§ WORK INSTRUCTION
When you copy the entries, keep every word exactly as it is and drop the images.

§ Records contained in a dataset
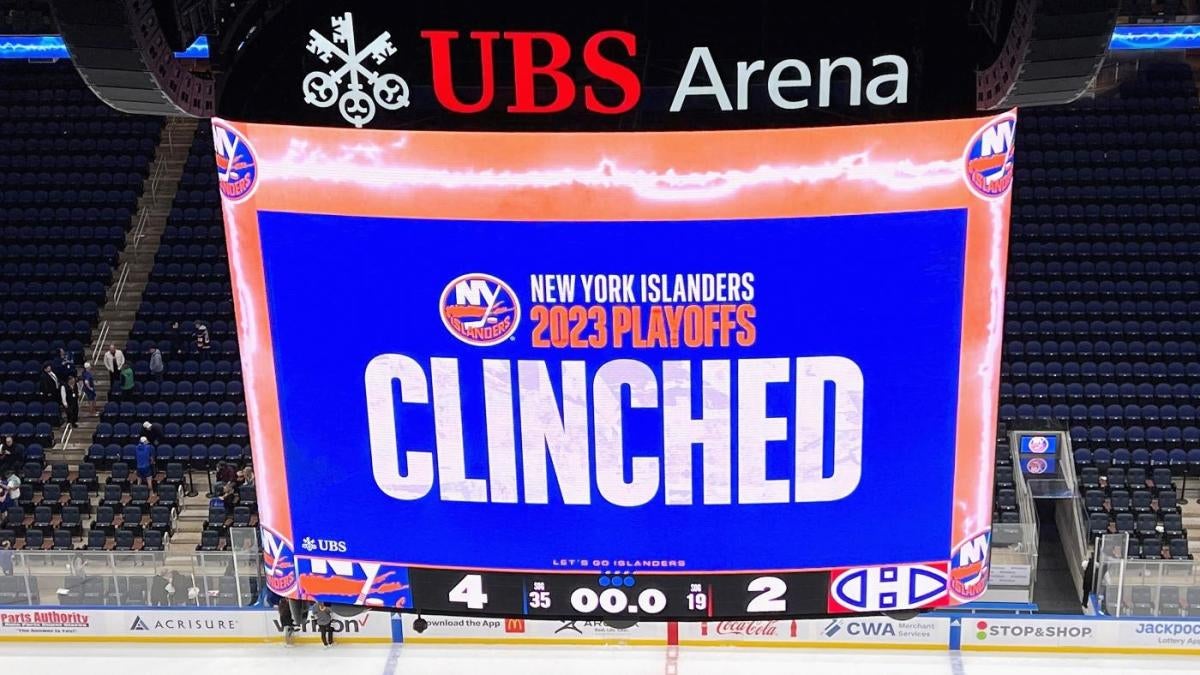 Official New York Islanders 2023 Playoffs Postseason matchup shirt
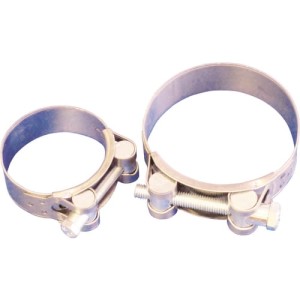 Zacisk śrubowy 130-140mm ze stali nierdzewnyj wysokowydajny nierdzewny 1szt. Matlock MTL6629240K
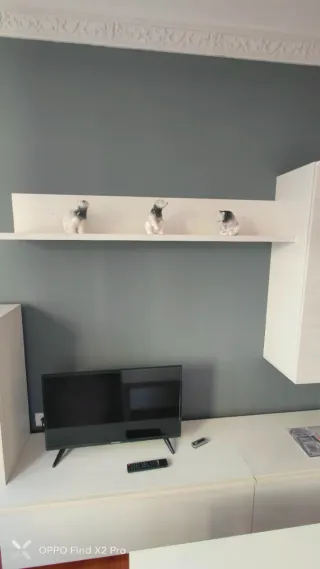 Mueble salón completo con TV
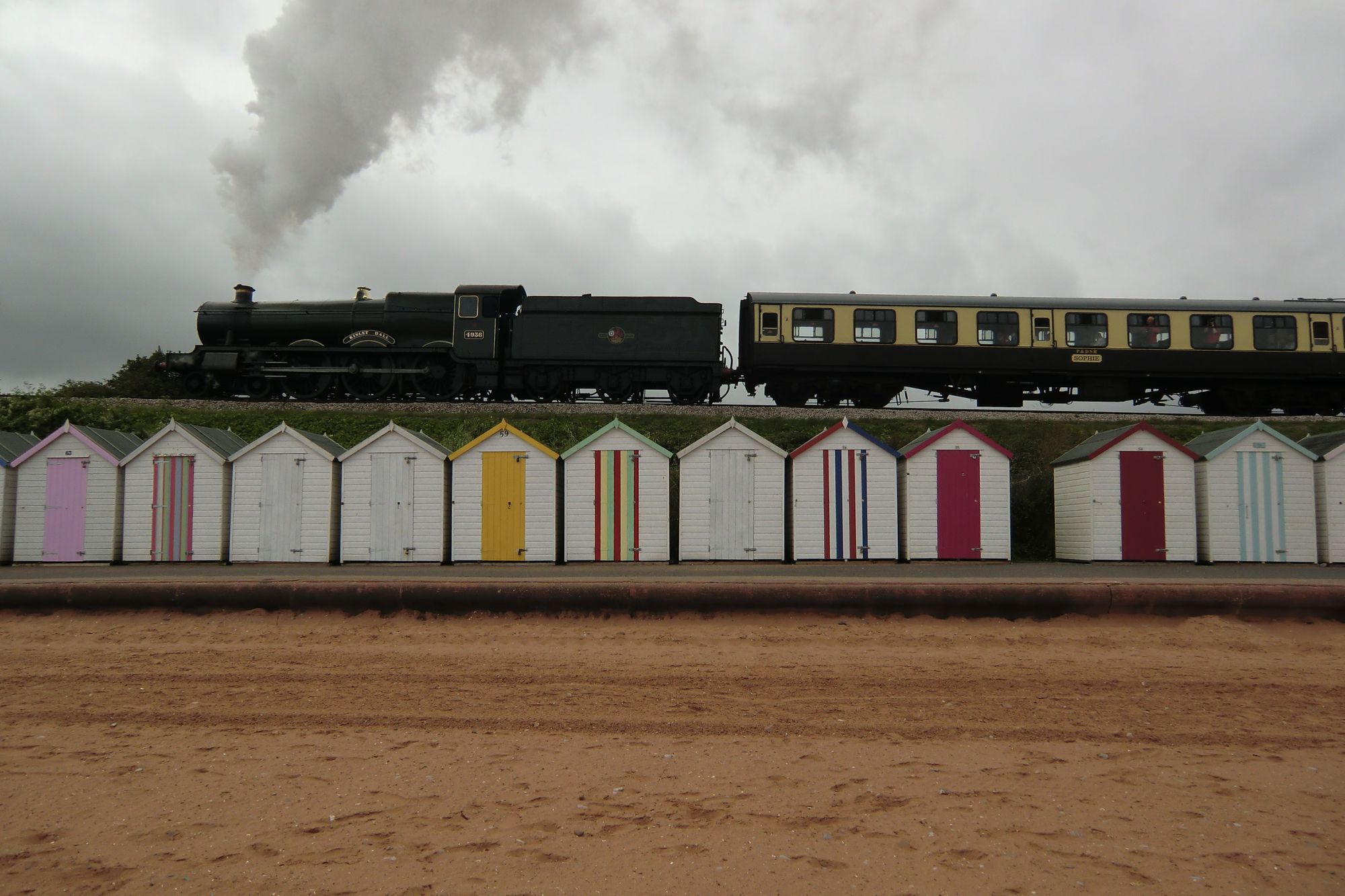 Torbay's steam railway is 'sacred' says MP as station reopening debate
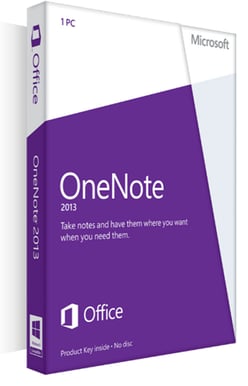 OneNote 2013 Svensk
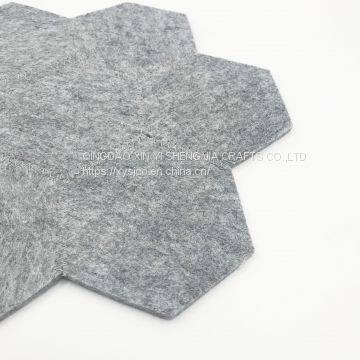 Home Deco Felt Handmade Kitchen Placemats photo-3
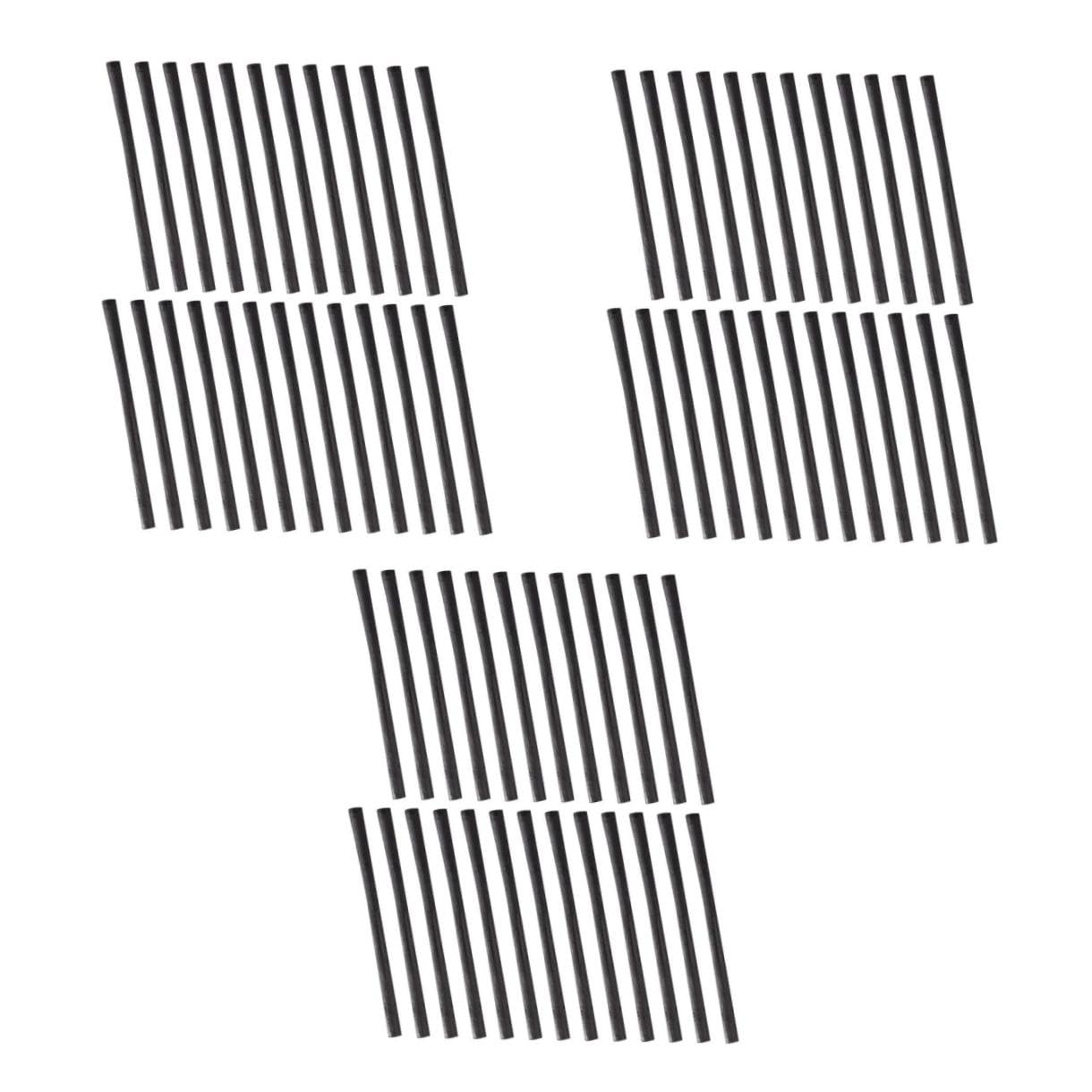 Operitacx 75piezas Lápiz De Carboncillo Para Dibujo y Pintura Herramientas De Sketching Para Artistas y Principiantes Para Sombrear y Composiciones Básicas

§ OUTPUT OF THE EXERCISE
 Official New York Islanders 2023 Playoffs Postseason matchup shirt
 Zacisk śrubowy 130-140mm ze stali nierdzewnyj wysokowydajny nierdzewny 1szt. Matlock MTL6629240K
 Mueble salón completo con TV
 Torbay's steam railway is 'sacred' says MP as station reopening debate
 OneNote 2013 Svensk
 Home Deco Felt Handmade Kitchen Placemats photo-3
 Operitacx 75piezas Lápiz De Carboncillo Para Dibujo y Pintura Herramientas De Sketching Para Artistas y Principiantes Para Sombrear y Composiciones Básicas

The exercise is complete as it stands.